= Data for the task =

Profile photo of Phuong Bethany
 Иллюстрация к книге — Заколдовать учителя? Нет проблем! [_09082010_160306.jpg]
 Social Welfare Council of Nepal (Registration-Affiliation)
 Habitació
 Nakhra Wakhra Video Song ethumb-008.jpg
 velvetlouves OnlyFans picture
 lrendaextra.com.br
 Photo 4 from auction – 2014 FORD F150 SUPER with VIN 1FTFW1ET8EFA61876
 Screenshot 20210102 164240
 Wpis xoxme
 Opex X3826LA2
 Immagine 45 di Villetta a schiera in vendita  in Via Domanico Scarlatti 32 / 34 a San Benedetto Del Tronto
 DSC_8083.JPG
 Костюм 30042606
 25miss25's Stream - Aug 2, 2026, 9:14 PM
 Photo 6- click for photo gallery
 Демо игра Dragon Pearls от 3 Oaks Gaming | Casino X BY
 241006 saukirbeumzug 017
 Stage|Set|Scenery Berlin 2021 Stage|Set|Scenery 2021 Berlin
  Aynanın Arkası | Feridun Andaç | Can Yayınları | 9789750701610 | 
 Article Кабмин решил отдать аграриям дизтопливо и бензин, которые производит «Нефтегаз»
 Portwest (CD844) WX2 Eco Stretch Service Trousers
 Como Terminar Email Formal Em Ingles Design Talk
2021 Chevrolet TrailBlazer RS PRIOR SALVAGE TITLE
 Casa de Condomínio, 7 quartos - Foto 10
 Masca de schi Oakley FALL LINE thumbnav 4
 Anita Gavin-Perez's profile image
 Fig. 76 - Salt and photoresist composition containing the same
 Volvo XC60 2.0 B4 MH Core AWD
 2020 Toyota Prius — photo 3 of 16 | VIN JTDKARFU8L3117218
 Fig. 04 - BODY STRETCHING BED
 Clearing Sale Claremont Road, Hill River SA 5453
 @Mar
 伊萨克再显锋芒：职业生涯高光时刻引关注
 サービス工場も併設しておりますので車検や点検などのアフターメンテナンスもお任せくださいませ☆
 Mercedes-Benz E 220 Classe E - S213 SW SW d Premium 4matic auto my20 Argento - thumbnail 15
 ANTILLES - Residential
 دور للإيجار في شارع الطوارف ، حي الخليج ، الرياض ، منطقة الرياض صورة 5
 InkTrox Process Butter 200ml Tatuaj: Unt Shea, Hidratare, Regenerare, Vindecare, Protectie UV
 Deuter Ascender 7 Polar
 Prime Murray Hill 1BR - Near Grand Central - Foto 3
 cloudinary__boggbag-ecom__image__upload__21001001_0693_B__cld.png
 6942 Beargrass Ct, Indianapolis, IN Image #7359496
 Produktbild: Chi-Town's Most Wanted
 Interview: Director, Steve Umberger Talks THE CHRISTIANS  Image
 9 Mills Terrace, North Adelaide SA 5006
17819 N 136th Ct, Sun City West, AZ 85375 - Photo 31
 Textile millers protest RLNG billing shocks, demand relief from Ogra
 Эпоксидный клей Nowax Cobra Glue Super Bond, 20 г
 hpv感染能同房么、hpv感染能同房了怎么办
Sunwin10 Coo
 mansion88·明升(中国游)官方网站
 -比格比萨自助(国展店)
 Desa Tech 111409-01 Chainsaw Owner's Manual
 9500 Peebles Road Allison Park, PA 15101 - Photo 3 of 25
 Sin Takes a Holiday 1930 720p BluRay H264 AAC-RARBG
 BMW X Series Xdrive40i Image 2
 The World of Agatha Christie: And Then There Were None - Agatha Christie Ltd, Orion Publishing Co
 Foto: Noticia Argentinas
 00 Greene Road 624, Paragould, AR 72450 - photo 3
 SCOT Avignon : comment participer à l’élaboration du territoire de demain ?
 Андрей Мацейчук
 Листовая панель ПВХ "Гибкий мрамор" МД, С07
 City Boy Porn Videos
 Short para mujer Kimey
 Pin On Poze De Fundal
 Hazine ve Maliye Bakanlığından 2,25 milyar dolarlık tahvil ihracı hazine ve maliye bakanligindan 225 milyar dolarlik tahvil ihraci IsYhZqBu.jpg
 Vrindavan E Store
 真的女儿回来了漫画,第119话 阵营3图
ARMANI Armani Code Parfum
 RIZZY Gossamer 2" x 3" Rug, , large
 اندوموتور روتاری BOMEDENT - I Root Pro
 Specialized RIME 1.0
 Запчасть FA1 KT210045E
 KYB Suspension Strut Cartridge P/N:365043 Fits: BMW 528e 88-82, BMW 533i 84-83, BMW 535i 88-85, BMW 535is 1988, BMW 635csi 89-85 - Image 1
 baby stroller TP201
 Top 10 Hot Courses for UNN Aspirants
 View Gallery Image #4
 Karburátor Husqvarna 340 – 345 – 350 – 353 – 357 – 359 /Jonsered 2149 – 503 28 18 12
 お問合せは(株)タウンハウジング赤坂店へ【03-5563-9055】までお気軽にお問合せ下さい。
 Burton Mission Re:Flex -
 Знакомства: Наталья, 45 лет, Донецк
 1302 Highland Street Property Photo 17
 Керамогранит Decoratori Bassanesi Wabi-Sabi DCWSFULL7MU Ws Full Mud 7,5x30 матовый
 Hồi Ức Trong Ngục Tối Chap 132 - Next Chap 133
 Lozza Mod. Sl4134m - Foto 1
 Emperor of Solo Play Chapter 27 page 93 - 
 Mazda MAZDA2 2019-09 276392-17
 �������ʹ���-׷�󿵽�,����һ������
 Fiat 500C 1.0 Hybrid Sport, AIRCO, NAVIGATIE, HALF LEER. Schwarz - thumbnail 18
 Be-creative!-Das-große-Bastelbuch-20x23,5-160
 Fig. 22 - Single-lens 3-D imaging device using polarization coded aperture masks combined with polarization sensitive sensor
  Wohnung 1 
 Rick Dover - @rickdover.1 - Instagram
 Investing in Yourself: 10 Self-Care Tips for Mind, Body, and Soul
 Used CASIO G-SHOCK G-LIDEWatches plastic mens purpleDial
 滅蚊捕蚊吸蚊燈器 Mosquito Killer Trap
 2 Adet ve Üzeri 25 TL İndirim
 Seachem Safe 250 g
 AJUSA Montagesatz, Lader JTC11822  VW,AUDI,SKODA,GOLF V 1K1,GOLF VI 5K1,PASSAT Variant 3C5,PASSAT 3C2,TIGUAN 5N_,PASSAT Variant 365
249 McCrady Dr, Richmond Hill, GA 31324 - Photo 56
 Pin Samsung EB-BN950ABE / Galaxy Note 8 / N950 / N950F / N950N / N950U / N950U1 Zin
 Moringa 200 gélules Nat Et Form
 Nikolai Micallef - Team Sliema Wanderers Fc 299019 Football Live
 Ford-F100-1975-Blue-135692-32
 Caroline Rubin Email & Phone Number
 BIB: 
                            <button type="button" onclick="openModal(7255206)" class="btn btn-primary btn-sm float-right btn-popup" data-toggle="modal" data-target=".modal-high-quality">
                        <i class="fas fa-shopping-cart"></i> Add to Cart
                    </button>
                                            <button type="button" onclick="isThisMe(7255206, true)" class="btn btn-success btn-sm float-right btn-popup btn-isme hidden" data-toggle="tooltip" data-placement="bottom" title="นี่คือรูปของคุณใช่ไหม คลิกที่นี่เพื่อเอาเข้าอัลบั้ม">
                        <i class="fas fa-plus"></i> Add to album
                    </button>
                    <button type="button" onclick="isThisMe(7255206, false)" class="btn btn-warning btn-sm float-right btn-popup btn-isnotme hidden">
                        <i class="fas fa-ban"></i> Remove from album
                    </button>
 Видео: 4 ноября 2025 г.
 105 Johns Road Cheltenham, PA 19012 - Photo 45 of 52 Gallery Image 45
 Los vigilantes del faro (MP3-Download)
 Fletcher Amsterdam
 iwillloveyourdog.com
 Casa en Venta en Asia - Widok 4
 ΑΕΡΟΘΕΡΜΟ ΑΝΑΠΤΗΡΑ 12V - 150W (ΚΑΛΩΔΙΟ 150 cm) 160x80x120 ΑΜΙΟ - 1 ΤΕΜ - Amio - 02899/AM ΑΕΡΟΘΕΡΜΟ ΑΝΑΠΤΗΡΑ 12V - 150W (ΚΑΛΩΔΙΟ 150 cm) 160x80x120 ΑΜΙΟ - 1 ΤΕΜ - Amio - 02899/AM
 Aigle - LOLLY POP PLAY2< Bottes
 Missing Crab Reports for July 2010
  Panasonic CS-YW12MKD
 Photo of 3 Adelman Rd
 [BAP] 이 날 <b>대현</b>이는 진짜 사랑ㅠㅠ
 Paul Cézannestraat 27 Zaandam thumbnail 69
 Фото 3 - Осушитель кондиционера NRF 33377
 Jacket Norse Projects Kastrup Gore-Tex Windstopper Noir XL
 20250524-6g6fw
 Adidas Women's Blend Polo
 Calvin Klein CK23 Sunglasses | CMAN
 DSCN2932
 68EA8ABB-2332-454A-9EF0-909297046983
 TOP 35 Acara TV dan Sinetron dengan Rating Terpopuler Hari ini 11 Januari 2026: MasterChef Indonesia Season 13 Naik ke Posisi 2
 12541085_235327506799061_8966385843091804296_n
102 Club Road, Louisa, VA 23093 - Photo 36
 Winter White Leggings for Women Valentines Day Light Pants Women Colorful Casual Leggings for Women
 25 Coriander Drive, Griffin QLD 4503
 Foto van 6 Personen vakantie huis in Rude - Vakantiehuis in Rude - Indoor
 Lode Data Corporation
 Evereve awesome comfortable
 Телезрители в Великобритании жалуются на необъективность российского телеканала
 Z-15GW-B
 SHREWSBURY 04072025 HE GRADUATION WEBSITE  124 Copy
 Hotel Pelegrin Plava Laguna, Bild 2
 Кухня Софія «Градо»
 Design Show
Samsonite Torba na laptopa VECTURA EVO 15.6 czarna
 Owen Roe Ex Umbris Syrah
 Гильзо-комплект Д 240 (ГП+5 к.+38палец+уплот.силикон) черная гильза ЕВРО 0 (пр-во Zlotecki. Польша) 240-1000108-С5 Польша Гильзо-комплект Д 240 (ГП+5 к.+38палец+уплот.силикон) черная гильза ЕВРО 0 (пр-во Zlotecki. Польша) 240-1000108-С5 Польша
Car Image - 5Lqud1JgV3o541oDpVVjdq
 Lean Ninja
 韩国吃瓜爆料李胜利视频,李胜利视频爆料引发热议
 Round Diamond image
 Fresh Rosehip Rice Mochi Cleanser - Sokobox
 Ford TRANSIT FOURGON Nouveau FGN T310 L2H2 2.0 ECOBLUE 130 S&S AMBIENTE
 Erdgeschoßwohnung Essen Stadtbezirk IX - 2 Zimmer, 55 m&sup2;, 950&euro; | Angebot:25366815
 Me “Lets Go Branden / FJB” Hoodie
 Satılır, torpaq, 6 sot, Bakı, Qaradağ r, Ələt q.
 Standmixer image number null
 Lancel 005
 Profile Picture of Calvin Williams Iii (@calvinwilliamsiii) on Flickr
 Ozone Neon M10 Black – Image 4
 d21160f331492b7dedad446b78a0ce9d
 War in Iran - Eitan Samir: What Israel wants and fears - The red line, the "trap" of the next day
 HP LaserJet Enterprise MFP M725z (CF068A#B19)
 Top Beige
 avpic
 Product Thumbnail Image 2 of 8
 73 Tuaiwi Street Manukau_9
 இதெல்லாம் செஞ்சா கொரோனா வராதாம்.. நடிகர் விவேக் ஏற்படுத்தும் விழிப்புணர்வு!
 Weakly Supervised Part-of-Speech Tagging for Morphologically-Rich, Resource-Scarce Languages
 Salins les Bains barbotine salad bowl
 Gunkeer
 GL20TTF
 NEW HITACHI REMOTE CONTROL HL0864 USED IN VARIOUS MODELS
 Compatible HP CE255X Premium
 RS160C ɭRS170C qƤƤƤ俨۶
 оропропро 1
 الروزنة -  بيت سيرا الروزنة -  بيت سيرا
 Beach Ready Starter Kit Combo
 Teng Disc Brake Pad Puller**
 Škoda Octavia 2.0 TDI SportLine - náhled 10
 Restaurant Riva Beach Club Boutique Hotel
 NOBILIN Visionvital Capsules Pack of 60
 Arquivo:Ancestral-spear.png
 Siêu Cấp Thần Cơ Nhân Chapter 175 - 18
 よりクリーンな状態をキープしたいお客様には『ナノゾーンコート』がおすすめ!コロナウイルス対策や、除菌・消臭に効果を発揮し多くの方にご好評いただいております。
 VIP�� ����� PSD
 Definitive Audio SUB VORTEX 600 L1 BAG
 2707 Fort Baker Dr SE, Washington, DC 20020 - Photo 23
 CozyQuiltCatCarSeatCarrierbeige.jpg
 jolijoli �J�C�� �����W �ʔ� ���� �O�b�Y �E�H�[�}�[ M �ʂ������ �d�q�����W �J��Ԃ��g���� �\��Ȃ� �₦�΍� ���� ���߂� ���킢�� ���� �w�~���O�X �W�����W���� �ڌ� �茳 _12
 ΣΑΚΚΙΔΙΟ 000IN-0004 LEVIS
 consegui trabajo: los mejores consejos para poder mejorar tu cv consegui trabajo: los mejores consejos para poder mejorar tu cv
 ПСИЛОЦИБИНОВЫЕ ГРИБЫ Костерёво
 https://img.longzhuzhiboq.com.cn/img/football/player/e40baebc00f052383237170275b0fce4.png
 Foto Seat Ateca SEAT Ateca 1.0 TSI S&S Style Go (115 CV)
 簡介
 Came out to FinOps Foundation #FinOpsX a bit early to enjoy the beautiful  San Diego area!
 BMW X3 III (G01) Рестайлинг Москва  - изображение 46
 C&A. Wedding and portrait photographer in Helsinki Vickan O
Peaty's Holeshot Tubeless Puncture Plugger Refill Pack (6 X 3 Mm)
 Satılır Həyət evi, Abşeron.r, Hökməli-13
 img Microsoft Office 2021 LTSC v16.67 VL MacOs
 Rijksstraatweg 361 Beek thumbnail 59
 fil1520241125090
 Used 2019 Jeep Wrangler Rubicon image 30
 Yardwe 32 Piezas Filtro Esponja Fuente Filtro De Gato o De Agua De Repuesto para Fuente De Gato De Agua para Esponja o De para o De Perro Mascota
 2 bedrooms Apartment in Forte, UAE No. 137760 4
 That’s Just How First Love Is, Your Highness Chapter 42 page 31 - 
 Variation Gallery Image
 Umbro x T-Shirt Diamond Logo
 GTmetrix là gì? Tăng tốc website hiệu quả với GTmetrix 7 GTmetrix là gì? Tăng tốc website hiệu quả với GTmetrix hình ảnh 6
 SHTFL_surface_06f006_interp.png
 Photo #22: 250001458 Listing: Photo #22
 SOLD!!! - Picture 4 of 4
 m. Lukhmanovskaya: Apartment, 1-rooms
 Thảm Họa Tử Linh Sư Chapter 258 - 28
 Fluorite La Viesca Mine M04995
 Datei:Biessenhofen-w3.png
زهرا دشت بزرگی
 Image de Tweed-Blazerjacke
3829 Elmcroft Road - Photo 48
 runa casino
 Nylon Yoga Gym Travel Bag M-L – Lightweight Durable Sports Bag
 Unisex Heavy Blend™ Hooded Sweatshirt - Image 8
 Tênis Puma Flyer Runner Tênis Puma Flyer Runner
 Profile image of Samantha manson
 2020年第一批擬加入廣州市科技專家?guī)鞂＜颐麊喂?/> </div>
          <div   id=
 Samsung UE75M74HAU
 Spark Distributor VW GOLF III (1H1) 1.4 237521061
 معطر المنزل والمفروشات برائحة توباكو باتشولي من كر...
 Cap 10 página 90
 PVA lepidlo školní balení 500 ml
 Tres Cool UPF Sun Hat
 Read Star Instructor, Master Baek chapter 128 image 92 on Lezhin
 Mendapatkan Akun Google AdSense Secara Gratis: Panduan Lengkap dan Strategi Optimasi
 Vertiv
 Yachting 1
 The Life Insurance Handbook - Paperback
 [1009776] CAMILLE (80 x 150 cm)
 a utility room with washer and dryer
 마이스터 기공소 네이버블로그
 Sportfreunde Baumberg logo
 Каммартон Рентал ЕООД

= Directions for this task =
Within the listing above, locate the line containing "ПСИЛОЦИБИНОВЫЕ ГРИБЫ Костерёво" and the line containing "SHTFL_surface_06f006_interp.png". Reproduce those two lines and all lines between them exactly, with nothing added.

= Output below =
 ПСИЛОЦИБИНОВЫЕ ГРИБЫ Костерёво
 https://img.longzhuzhiboq.com.cn/img/football/player/e40baebc00f052383237170275b0fce4.png
 Foto Seat Ateca SEAT Ateca 1.0 TSI S&S Style Go (115 CV)
 簡介
 Came out to FinOps Foundation #FinOpsX a bit early to enjoy the beautiful  San Diego area!
 BMW X3 III (G01) Рестайлинг Москва  - изображение 46
 C&A. Wedding and portrait photographer in Helsinki Vickan O
Peaty's Holeshot Tubeless Puncture Plugger Refill Pack (6 X 3 Mm)
 Satılır Həyət evi, Abşeron.r, Hökməli-13
 img Microsoft Office 2021 LTSC v16.67 VL MacOs
 Rijksstraatweg 361 Beek thumbnail 59
 fil1520241125090
 Used 2019 Jeep Wrangler Rubicon image 30
 Yardwe 32 Piezas Filtro Esponja Fuente Filtro De Gato o De Agua De Repuesto para Fuente De Gato De Agua para Esponja o De para o De Perro Mascota
 2 bedrooms Apartment in Forte, UAE No. 137760 4
 That’s Just How First Love Is, Your Highness Chapter 42 page 31 - 
 Variation Gallery Image
 Umbro x T-Shirt Diamond Logo
 GTmetrix là gì? Tăng tốc website hiệu quả với GTmetrix 7 GTmetrix là gì? Tăng tốc website hiệu quả với GTmetrix hình ảnh 6
 SHTFL_surface_06f006_interp.png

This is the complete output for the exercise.